Pandas >> Data Combination(2): concat()
Table of Contents
In this tutorial, we will explain how to combinate/concatenate multiple DataFrames or DataFrames and Series into one DataFrame using concat() method.
Introduction
As opposed to the merge() method which joins data by some key columns, the concat() method concatenates data along a particular axis (row or column).
pandas.concat
https://pandas.pydata.org/docs/reference/api/pandas.concat.html
Data Preparation
Prepare the first DataFrame.
import pandas as pd
df1 = pd.DataFrame({
"first_name": ["John", "Sarah", "Mike", "Tom", "Mary"],
"last_name": ["Doe", "Smith", "Brown", "Davis", "Clark"],
"gender": ["M", "F", "M", "M", "F"],
"class": ["A", "A", "B", "A", "B"]
}, index=["1001", "1002", "1003", "1004", "1005"])
df1
The second DataFrame.
df2 = pd.DataFrame({
"first_name": ["Mike", "Tom", "Mary", "Bob", "Kevin"],
"last_name": ["Brown", "Davis", "Clark", "Lopez", "Wilson"],
"gender": ["M", "M", "F", "M", "M"],
"class": ["B", "A", "B", "B", "A"],
}, index=["1003", "1004", "1005", "1006", "1007"])
df2
The third DataFrame.
df3 = pd.DataFrame({
"height": [172, 175, 180, 178, 182],
"weight": [60, 65, 70, 68, 75],
}, index=["1003", "1004", "1005", "1006", "1007"])
df3
Concatenating data
Combinate/Concatenate DataFrames in the vertical direction
Sometimes, we need to concatenate multiple DataFrames with the same columns into one DataFrame. For example, suppose the order data of an online shop is stored once a month. We have to read the data of each month as a DataFrame. If we want to operate two months of data, we need to concatenate the two months of data into one DataFrame. In this case, the concat() method is just right for this task.
Example Code
If we want to concatenate df1 and df2 created above, we can do it like this. By default, axis is set to 0 (vertical direction/row direction/Index direction) .
pd.concat([df1, df2])
# OR
pd.concat([df1, df2], axis=0)
We will find that there are some duplicate values (1003,1004,1005) in the index.
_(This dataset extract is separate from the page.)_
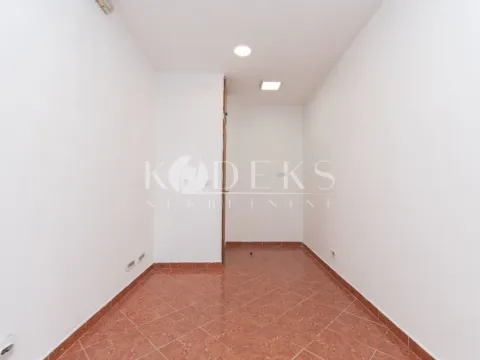 Rent, office space, 11m², Pobrežje, Podgorica - image 2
We can set ignore_index=True to reset it to a 0-based index.
pd.concat([df1, df2], axis=0, ignore_index=True)
Combinate/Concatenate DataFrames in the horizontal direction
Sometimes, we have multiple datasets with the same key column (index) and different information (columns) and need to concatenate them in the horizontal direction based on the index.
For example, in DataFrame df1 there are the columns first_name, last_name, gender, and class, suppose we also have another DataFrame df3 in which there are the columns height and weight.
We can concatenate them into one in the horizontal direction like this.
pd.concat([df1, df3], axis=1)
# OR
pd.concat([df1, df3], axis=1, join="outer")
We will find the indexes of two DataFrames df1, and df3 are merged. (1001-1007)
The parameter join stands for how to handle indexes on another axis.
By default, the join is set to outer.
That means all data (indexes) will be kept and the columns where indexes don’t exist will be filled with NaN.
If we only want to keep the data that have the same indexes, we can set the parameter ‘join’ to inner.
pd.concat([df1, df3], axis=1, join="inner")
Concatenate mutiple (>2) DataFrames
We can use the concat() method to concatenate multiple DataFrames if we specify a list of DataFrames.
pd.concat([df1, df2, df3], axis=1, join="outer")
Concatenate DataFrame and Series
We can also concatenate a DataFrame object and a Series object to one DataFrame.
If we have a list with additional information and the same order as the DataFrame, we can convert the list to a Series and concatenate it with the DataFrame.
For example, we have an interests list, and its indexes and order are the same as the DataFrame df1. If we want to add it as a new column to the right side of the DataFrame, we can do it like this.
Convert the list to a Series object.
# value list
list_for_series = ["Cooking", "Travel", "Gaming", "Art", "History"]
# new column name
col_name_for_series = "interests"
# the parameter index need to be set the same indexes as df1
s = pd.Series(list_for_series, name=col_name_for_series, index=df1.index)
s
Concatenate the DataFrame df1 and the Series s in the horizontal direction.
pd.concat([df1, s], axis=1)
If you want to learn more about adding columns, you can reference the article below.
Pandas » How to Add Columns to an Existing DataFrame
https://thats-it-code.com/pandas/pandas__how-to-add-columns-to-an-existing-dataframe/
Conclusion
We can concatenate multiple DataFrames such as Time Series Data in vertical direction.
We can also concatenate multiple DataFrames or DataFrames and Series with the same indexes and orders from different sources.